Demographics of Poverty
2 October 2010 | The Tablet
Abbé Ambrose Tina’s absorbing article (‘More aid, better spent’ 18 September) is full of excellent statistics. However, the demographics, by far the most important statistics, have been left out. In Senegal, Abbé Tina’s own country, the population has increased fivefold since 1950, and by 2050 it is likely to have increased tenfold. (2.4 million in 1950; 12.8 million now; 26 million in 2050) Most other extremely poor countries follow the same pattern.
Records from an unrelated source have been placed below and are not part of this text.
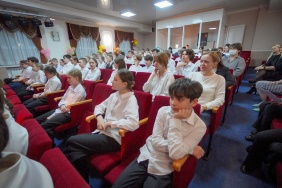 Евгений Илле встретился с учениками Челябинского РЖД лицея № 4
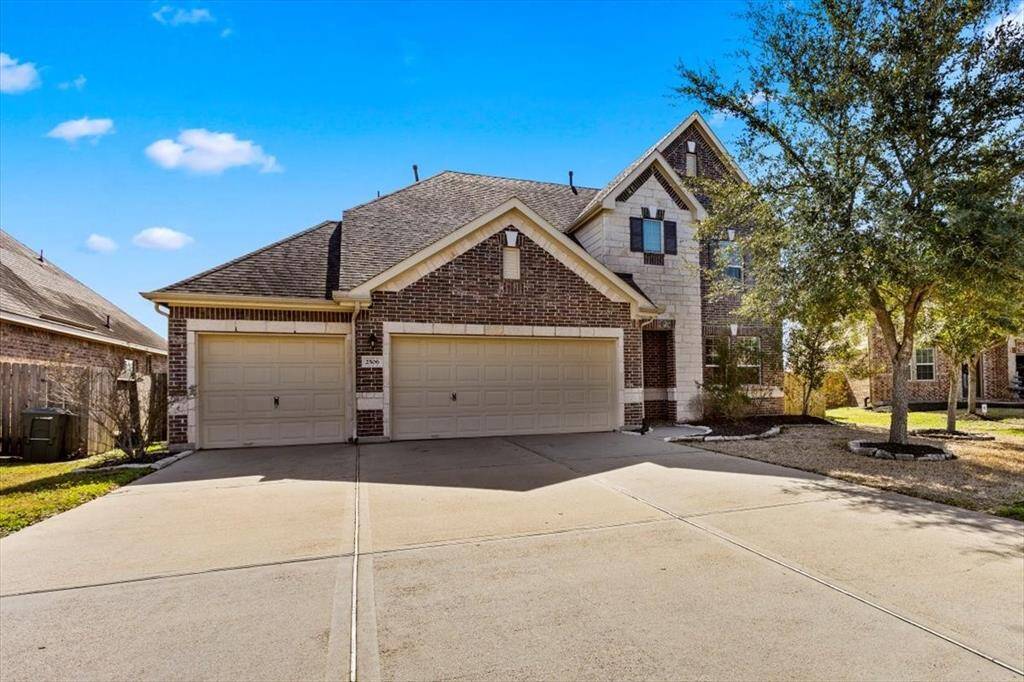 Welcome home to 2506 Solitude. Situated at the end of a quiet street in desired Cottonwood Estates.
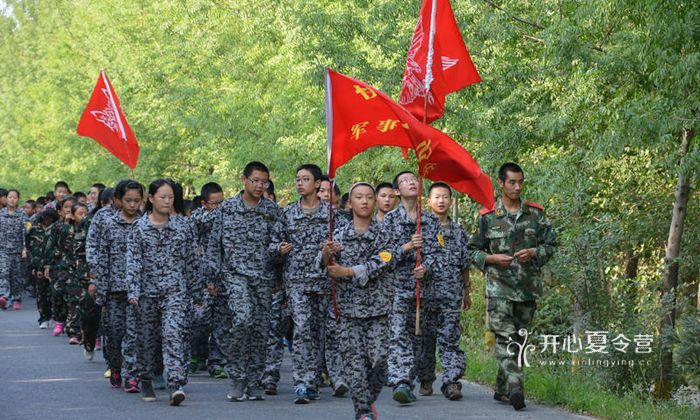 2017新疆青少年軍事訓(xùn)練營(yíng)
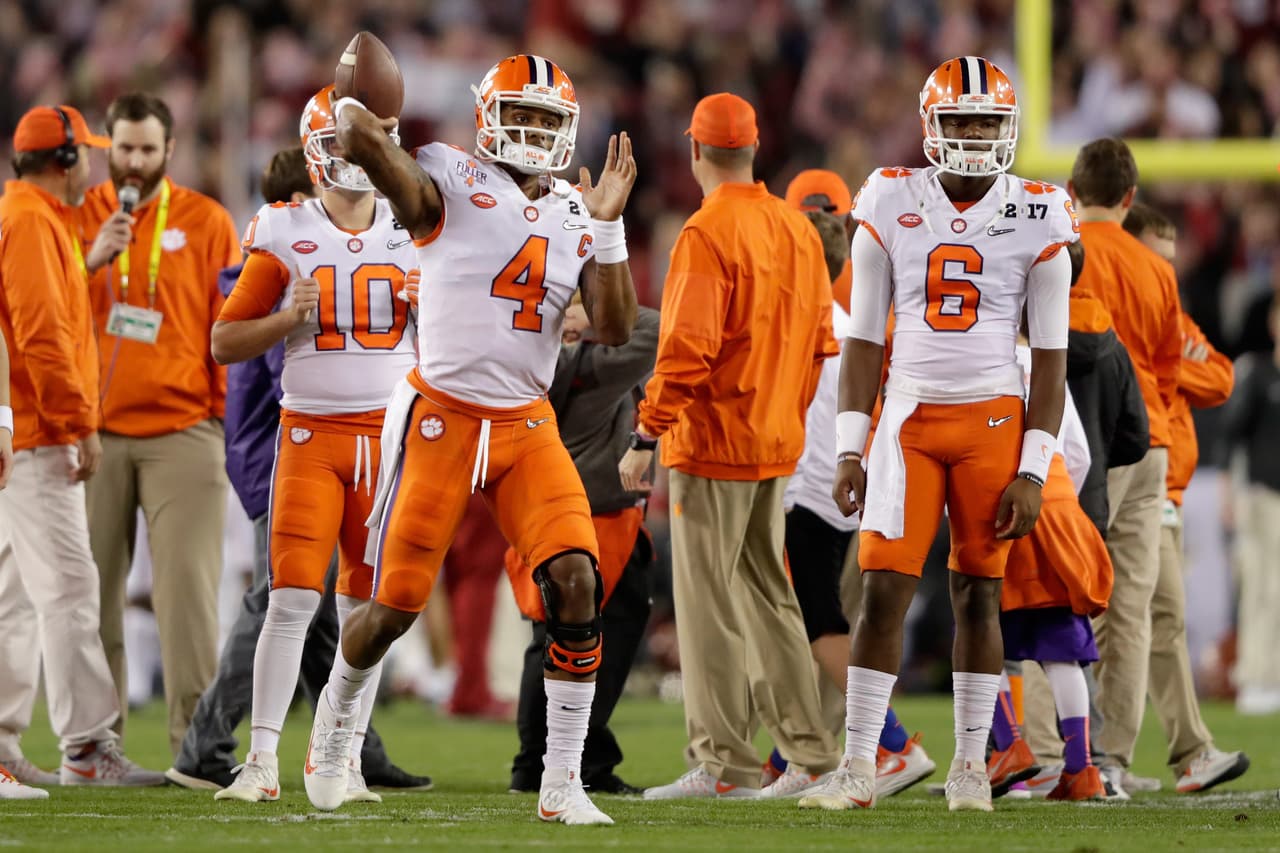 Deshaun Watson # 4 de los Tigres de Clemson calienta antes de entrar a la ofensiva tras ir en desventaja contra el Alabama.
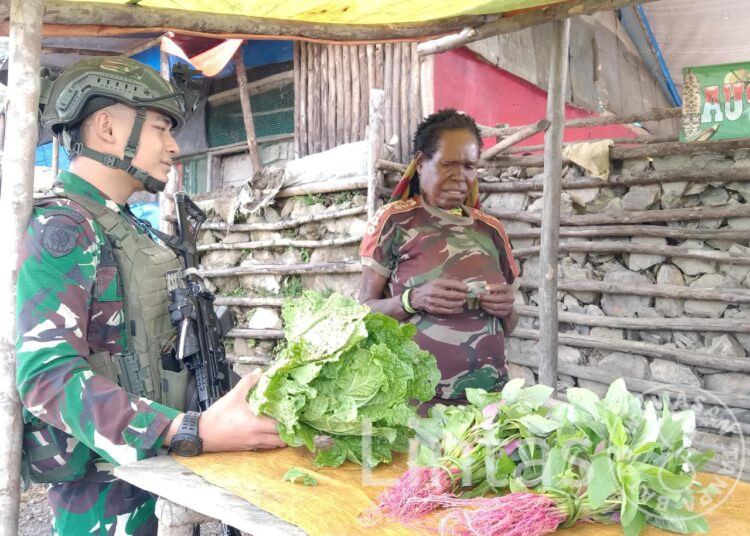 Prajurit Yonif 323 Buaya Putih Kostrad, Dukung Perekonomian Warga Papua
Abbé Tina fears that Senegal may not attain the Millennium Development Goals. He is right to be anxious. While those countries that have controlled population growth are likely to reach these Goals, those that have made little attempt to control population growth will not. Hunger and deprivation will continue and there will be little reduction in maternal and child mortality.
Over the last forty years, no one has dared to campaign for the provision of family planning in developing countries, but in March this year “Save the Children” broke the taboo and published a six page ‘Policy brief’ on population, in which they state:
“Given its detrimental impact on poverty reduction, it is surprising that the issue of population growth has received so little attention over the last decade from development donors, agencies and developing country governments alike. For example, the Millennium Development Goals, agreed in 2001, made no reference to population growth, while the influential Commission for Africa report, published in 2005, had almost nothing to say on the subject. Yet there is overwhelming evidence of the damaging impact that rapid population growth has on poverty reduction efforts.”
Is it too late to give some hope to mothers overburdened with so many children that high infant and maternal death rates and extreme poverty are virtually inevitable? I hope not. Catholics at least should try to help, as over the decades we have earned a reputation for being indifferent to this cause of suffering.
Note: The decades long silence about the need for family planning is illustrated not only by a Catholic (Abbé Tina) but also by others. (Millennium Development Goals and Commission for Africa authors). Before the arrival of Political Correctness in the 1970’s many Catholics voiced their concern about the dangers of population growth.